Not really.  The way expansion drafts work, goalies are picked first, and with all the legitimate starters protected by their teams, the Senators and Lightning basically had their pick of career backups, AHL lifers, and guys who already had side jobs as cab drivers. Sidorkiewicz started 64 games, won eight, posted a GAA of 4.43, and still made the All-Star Game.  His backup, Daniel Berthiaume, nearly started Ottawa’s first goalie controversy by posting a sparkling 4.30 GAA over 25 games.

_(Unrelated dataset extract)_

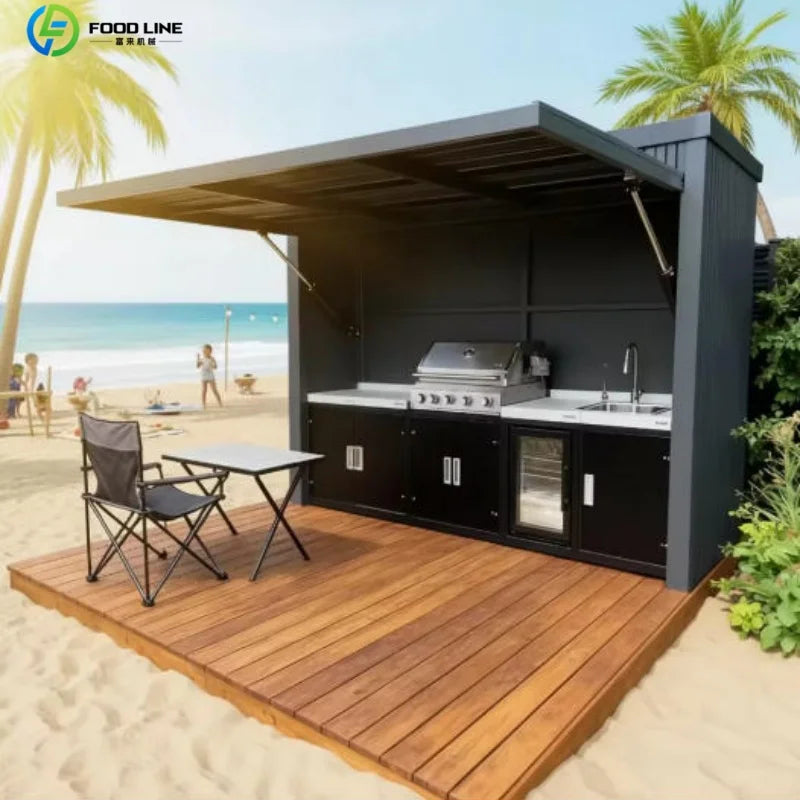 Outdoor Stainless Steel BBQ Pod With Sink And Fridge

Sidorkiewicz was traded to the Devils in the off-season for Craig Billington and played only four more NHL games in his career. Billington was just as shaky the next season, winning 11 of 63 with a 4.59 GAA before going on to a successful career as a journeyman backup, becoming the patron saint of future Senators like Alex Auld and Curtis McElhinney.

Sidorkiewicz, Berthiaume, Billington, Darrin Madeley, Steve Weeks, Mark LaForest, Mike Bales – I wanted to make jokes about these guys getting to play on the basis of writing “GOALIE” on a 3x5 card and mailing it to the Senators, but I browse their stats on hockeydb.com and feel only sympathy. With the teams they had in front of them, it was a given that they’d handle more rubber than [ed. note - deleted]. Hope came in the form of Don Beaupre, at that point on the back end of his career, who put up respectable numbers during the lockout-shortened 1994-95 season only to be traded as part of the three-way deal with the Maple Leafs and Islanders that brought in Wade Redden.  Beaupre ended up in Toronto, the stage in an aging goalie’s career euphemistically referred to as “going to live on a farm in the country”.

1996-99: From Out of the Darkness, Frosted Tips

Damian Rhodes came over from the Leafs in the Beaupre deal (note: this is the only context in which the Redden/Berard trade will ever be referred to as the “Beaupre deal”) and was immediately the best goaltender the Senators had ever had. He was the first starter to post a season GAA under 3.00 after taking over from Beaupre in early 1996, even if he could have more ups and downs than a guy in the 300 level after 17 beers.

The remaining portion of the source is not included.